The self-focus is particularly significant, because it predisposes
the child to defining things to matter that will leave normal people
unfazed.
 Autism is logical... often too logical. A compelling semiotic
paradigm explains it nicely. And autism, like schizophrenia, with the
right understanding, can be negotiated.
 Or let's put this another way. Imitation, as pragmatism, also plays
an important part in how we define the things that matter. An extreme
family context informs the schizophrenic of extreme assumptions that
matter and this wires their neuroplastic brain. Things might appear
fine within the family context, but when they try to connect with the
wider culture, that's when serious problems arise with the cognitive
dissonance of the schizophrenic. Rockstar psychologist Jordan
Peterson observed that behavioral oddities are detected by the wider
culture, the schizophrenic/autistic is excluded by the majority, and
the isolation feeds isolation to snowball into a logical way of
thinking that is utterly incomprehensible to the "well-adjusted".
 Neural plasticity is an integral part of this narrative, because the
functional specializations in the brain (how the brain wires itself)

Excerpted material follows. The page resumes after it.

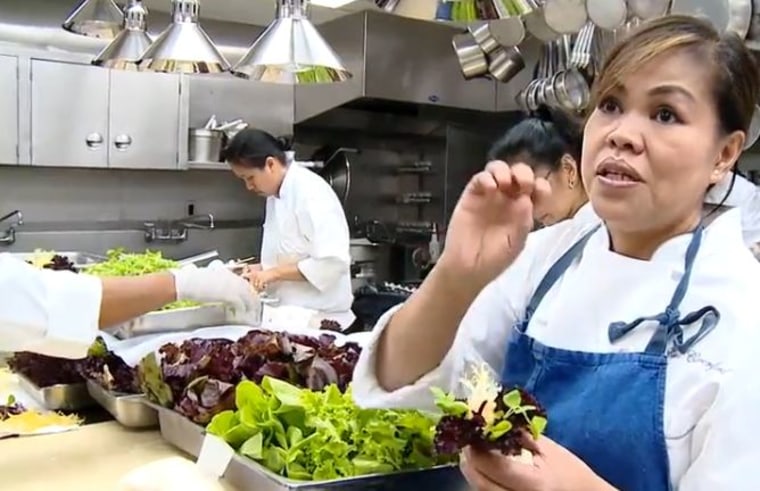 Chef Cristeta Comerford discusses the variety of produce used in Thursday night's dinner.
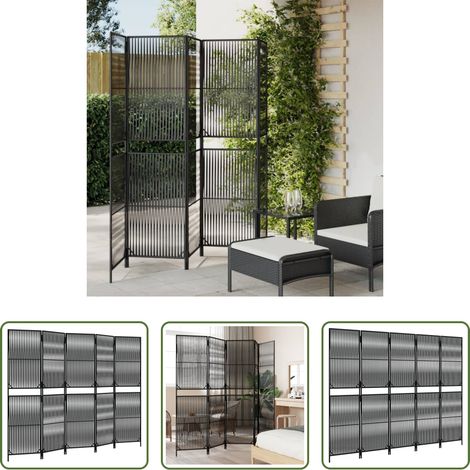 Poly Rattan - Paravent 5-tlg. Schwarz Poly Rattan (1/5)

relies on the experiences with which the autistic/schizophrenic
interfaces. Their dysfunction does not come from "circuitry" or
genes. It relies on how experience wires the brain (Norman Doidge,
The Brain That Changes Itself, 2007).
 Imitation addresses the entropy problem. Imitation is knowing how to
be. Imitation is survival. Get your imitation wrong, and it might kill
you.
 Regards
 From: Auke van Breemen [a.bree...@chello.nl]
 Sent: Thursday, February 21, 2019 9:34 AM
 To: 'Peirce-L'
 Subject: RE: [PEIRCE-L] Imitation as pragmatism and solution to
entropy problem
 List,
 Jerry reminded me of:
 The dress of an attendee by a diner caught fire.

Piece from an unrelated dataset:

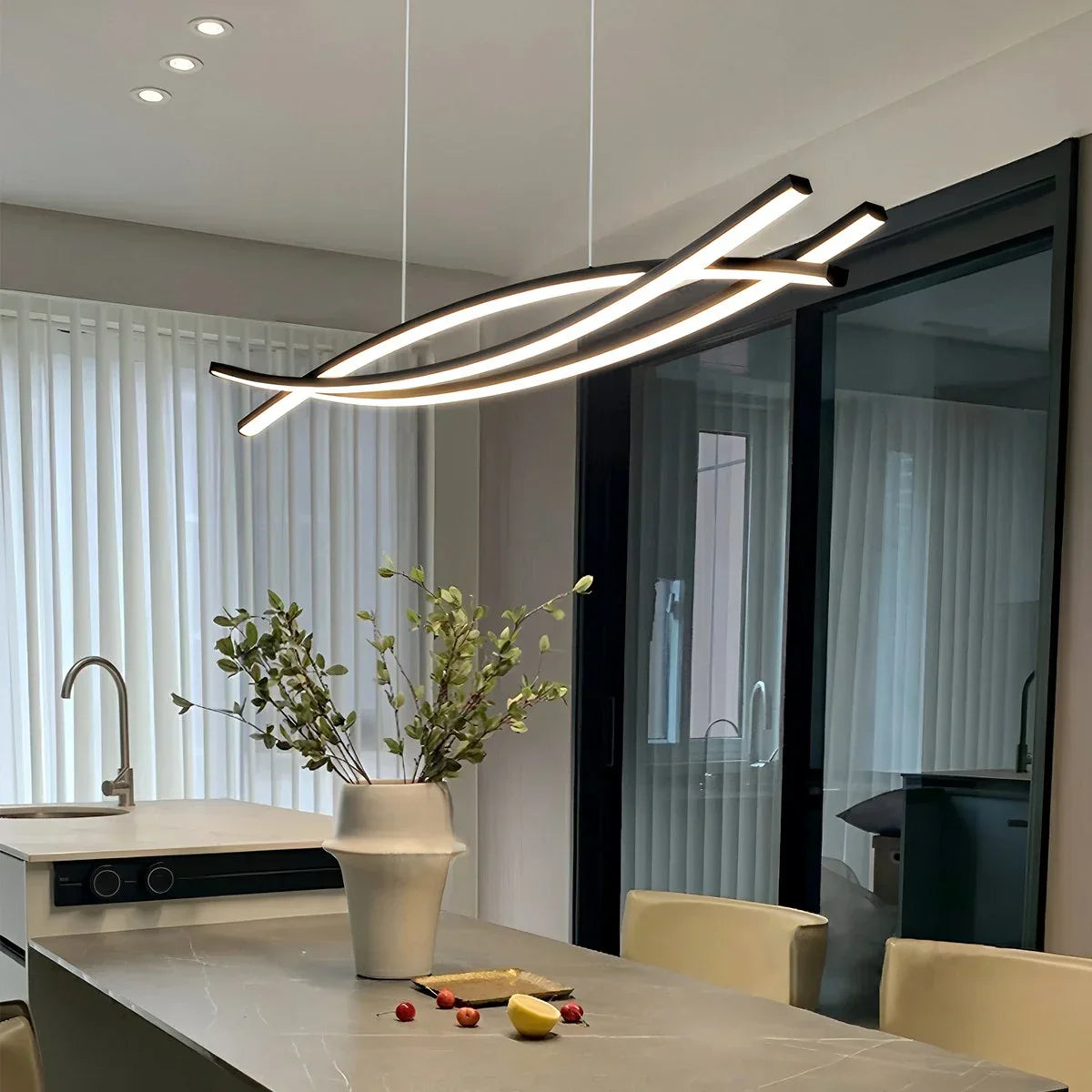 flairel Eraj Curved LED Pendant Light for Kitchen Island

 Herbert Peirce, a brother, jumped up immediately and extinguished
the fire
 as it ought to be done. Afterwards Charles asked him how he could
have been
 so quick and adequate in his response. Herbert answered:
 [. . . ] he told me that since Mrs. Longfellow's death,
 it was that he had often run over in imagination all the details of
 what ought to be done in such an emergency. It was a striking
 example of a real habit produced by exercises in the imagination.
 CP. 5.487, in the footnote.(See also CP 5.538.)

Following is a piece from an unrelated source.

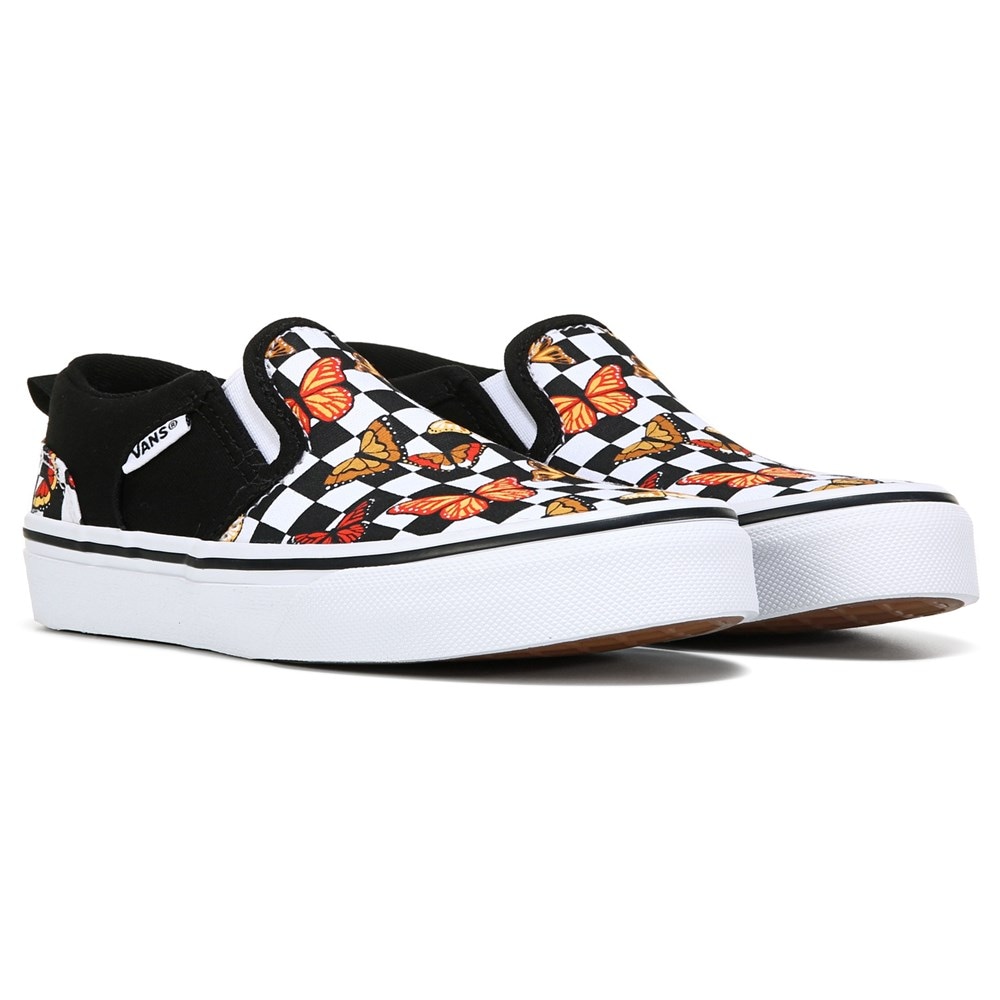 Checkerboard Monarch Butterfly Custom Vans Brand Slip-on Shoes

 Note that starting the exercises in the imagination supposes a value
 judgment to the extent that a person on fire is an unwholesome state
of affairs
 which ought to be repaired.
 Now, imagine you are responsible for a child with autism. The
question I raise is the following:
 Is there a difference in the way you try to establish contact and
teach that depends on the hypothesis you work with?
 Case 1: it is a problem with the imagination or mimicking of action
 Case 2: it is a problem with the directing of attention
 Best,
 Auke van Breemen
 Van: Jerry Rhee 
 Verzonden: woensdag 20 februari 2019 23:56
 Aan: Auke van Breemen 
 CC: biosemiot...@lists.ut.ee [9]; Peirce-L 
 Onderwerp: Re: [PEIRCE-L] Imitation as pragmatism and solution to
entropy problem
 Dear list,
 Stephen said:
 Could imitation be so important, that this is the reason why we
don’t recognize it?
 Although Peirce read and thought more about Aristotle than about any
other man, the Poetry, he knew nothing about.
 That is, Peirce was not Greek-minded.
 He then turns to a discussion of representation or imitation
(μίμησις).
 Tragedy is, then, a representation of an action that is heroic and
complete and of a certain magnitude.. And since tragedy represents
action and is acted by living persons, who must of necessity have
certain qualities of character and thought— for it is these which
determine the quality of an action;
 indeed thought and character are the natural causes of any action
and it is in virtue of these that all men succeed or fail—
 it follows then that it is the plot which represents the action.
 By "plot" I mean here the arrangement of the incidents: "character"
is that which determines the quality of the agents, and "thought"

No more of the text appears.